GULAG and the fight against crime
Another myth is that political prisoners prevailed in Stalin's camps. In fact, among the Soviet citizens who passed through the camps, political prisoners constituted a small part - according to various estimates, no more than 20 percent.
Most of the prisoners were criminals and the so-called "household workers" - Soviet inhabitants, who were convicted of domestic crimes - from stealing grain from collective farms to drunken fights. Another thing is that, in pursuit of a frightening effect, the Soviet courts gave prison terms completely incomparable with the real scale of the convict's guilt: 7 years for stealing collective farm property. It seems like overkill today. But then, this approach allowed to establish order in the country.
On the other hand, Stalin's supporters spread a mirror myth - that thanks to tough measures, Stalin managed to defeat crime. Failed. Moreover, the Soviet underworld, the laws and orders of which still define the face of the modern criminal world, was formed precisely in the 1920s - 1950s.
The crime rate in the USSR remained high, and especially increased just after the war. That there are only well-armed gangs that traded in Soviet cities with robberies and robberies ... The level of domestic and street crime was also high. The authorities tried to fight this, and acted toughly, hence the grievances for "bending over" with the terms for the "torn spikelet".
Was Stalin an anti-Semite
Another myth is about Stalin's anti-Semitism. Naturally, Stalin was not and could not be a convinced anti-Semite. All his youth passed under the banner of Marxism, he was always surrounded by a large number of persons of Jewish nationality, whose lack in the Bolshevik Party was not felt. One of Stalin's closest and loyal associates was Lazar Moiseevich Kaganovich.
Another thing is that Stalin's attitude towards the Jews became more wary in connection with their active role in the Trotskyist wing of the world communist movement. But at the same time, Stalin made a huge contribution to the very appearance of the state of Israel on the world map. True, then the fact of Israel's existence did not play a very good service for Soviet Jews: after all, any of them could claim to leave the country, which means that they became a potential object of suspicion that sooner or later he would want to leave the Soviet Union.
In general, a detailed analysis of the myths about Stalin is a very large and serious task.
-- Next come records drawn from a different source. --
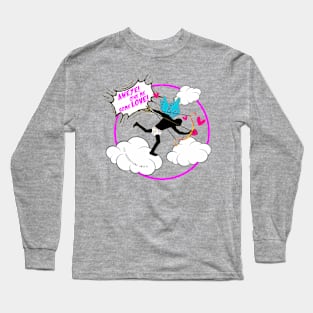 Valentine's Day Lovers Cupid Cartoon | Pink & Red Comic Book Style Long Sleeve T-Shirt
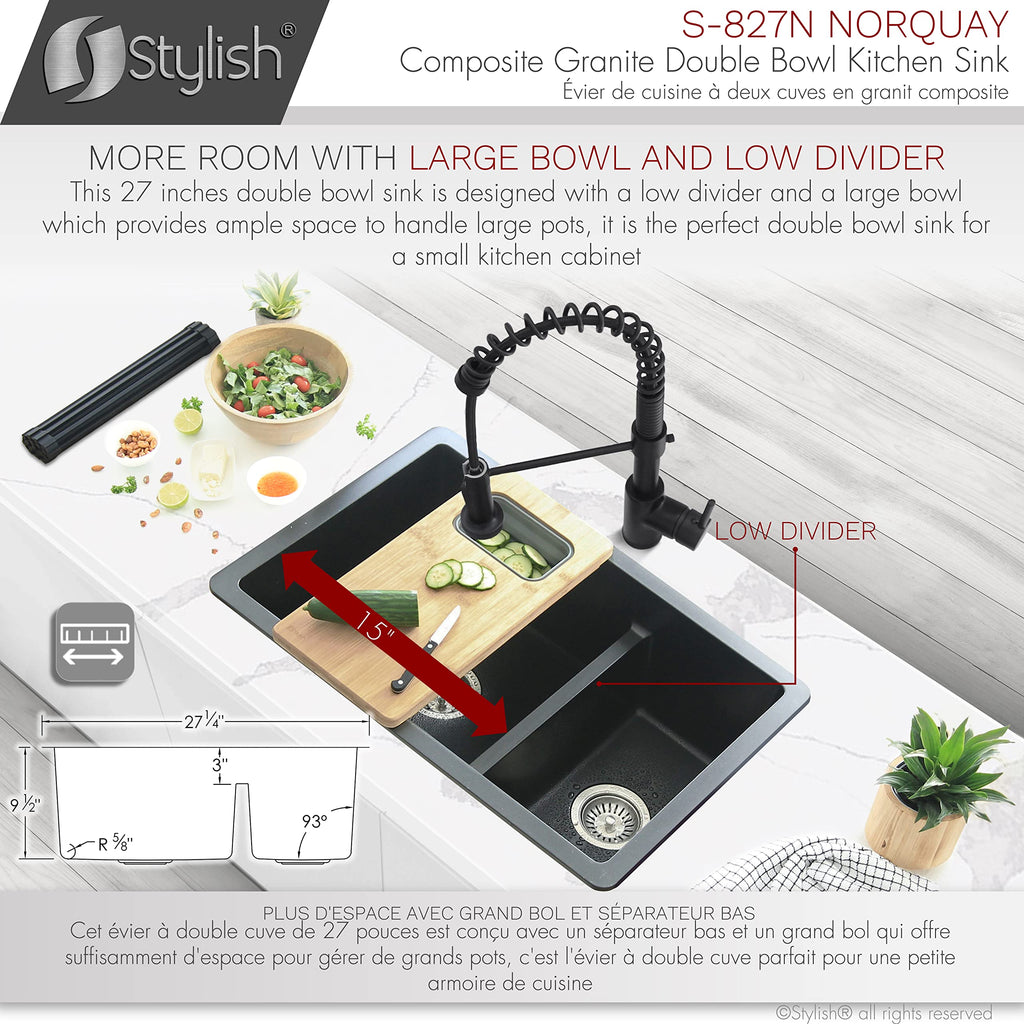 27.25 x 18.75 Inch Drop In or Undermount Kitchen Sink Double Bowl Workstation 9.5 Inches Deep Granite Composite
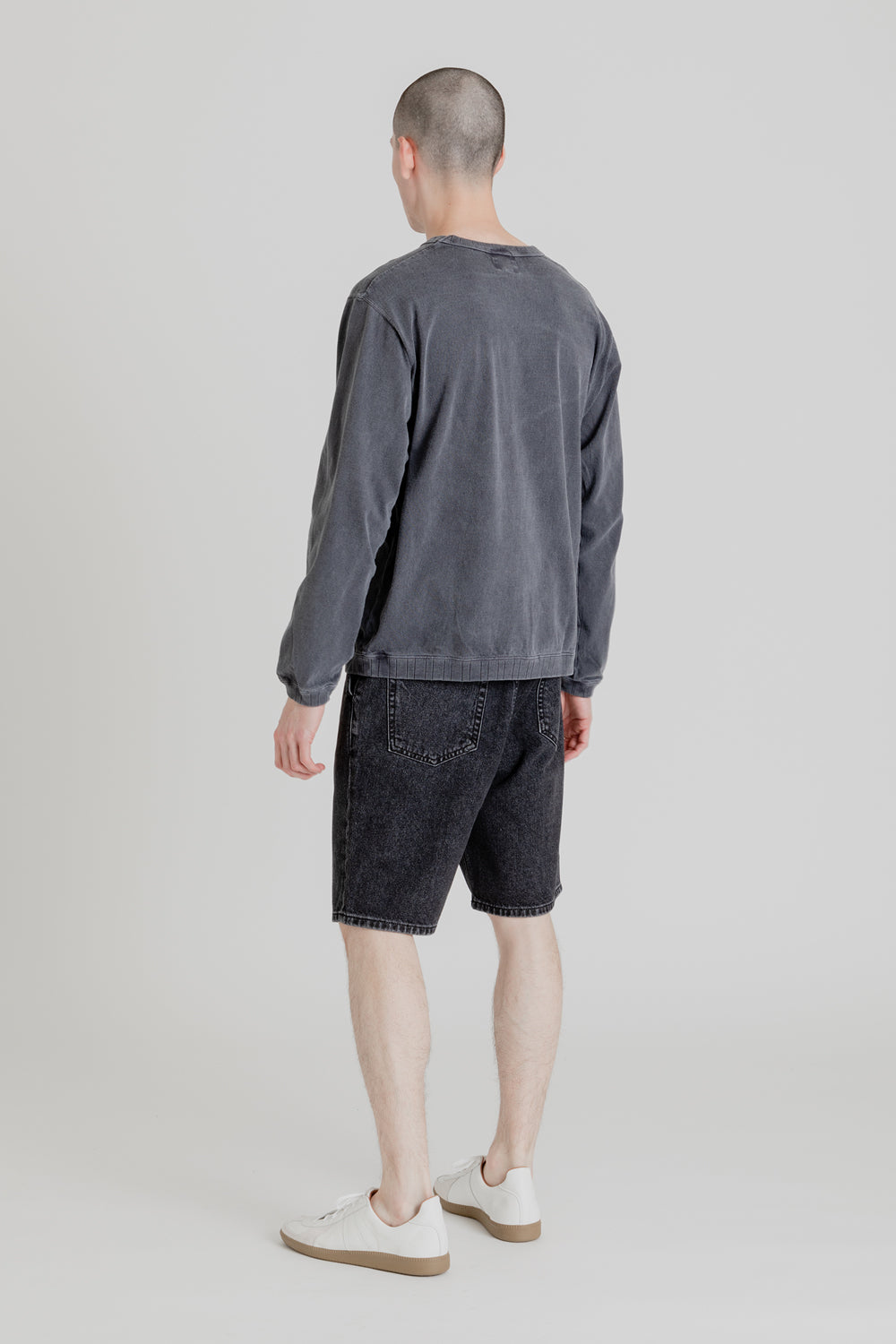 Jackman Pigment Dyed Ribbed L/S T-Shirt in Dark Grey
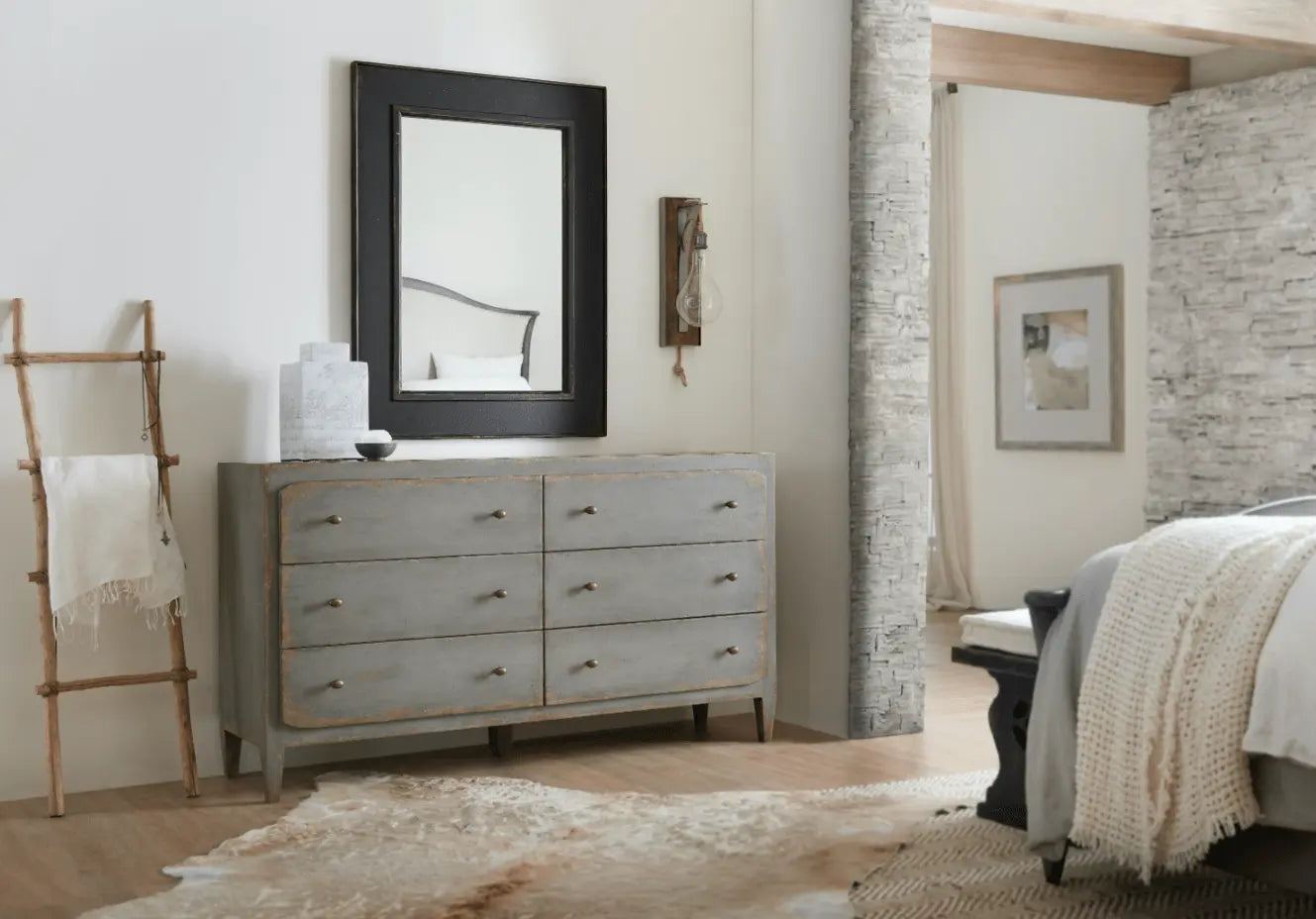 Ciao Bella Six-Drawer Dresser- Speckled Gray Dressers| Hooker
The most interesting thing is that in the modern media space they are trying to solve it from two sides at once - both the liberals, who hate Stalin, and the left-wing patriots, for whom he remains one of the key figures in the history of the state. Both, I must say, make many mistakes and exaggerations, which only harm a sober assessment of the contribution of this extraordinary person and, no doubt, a great statesman to the history of our country.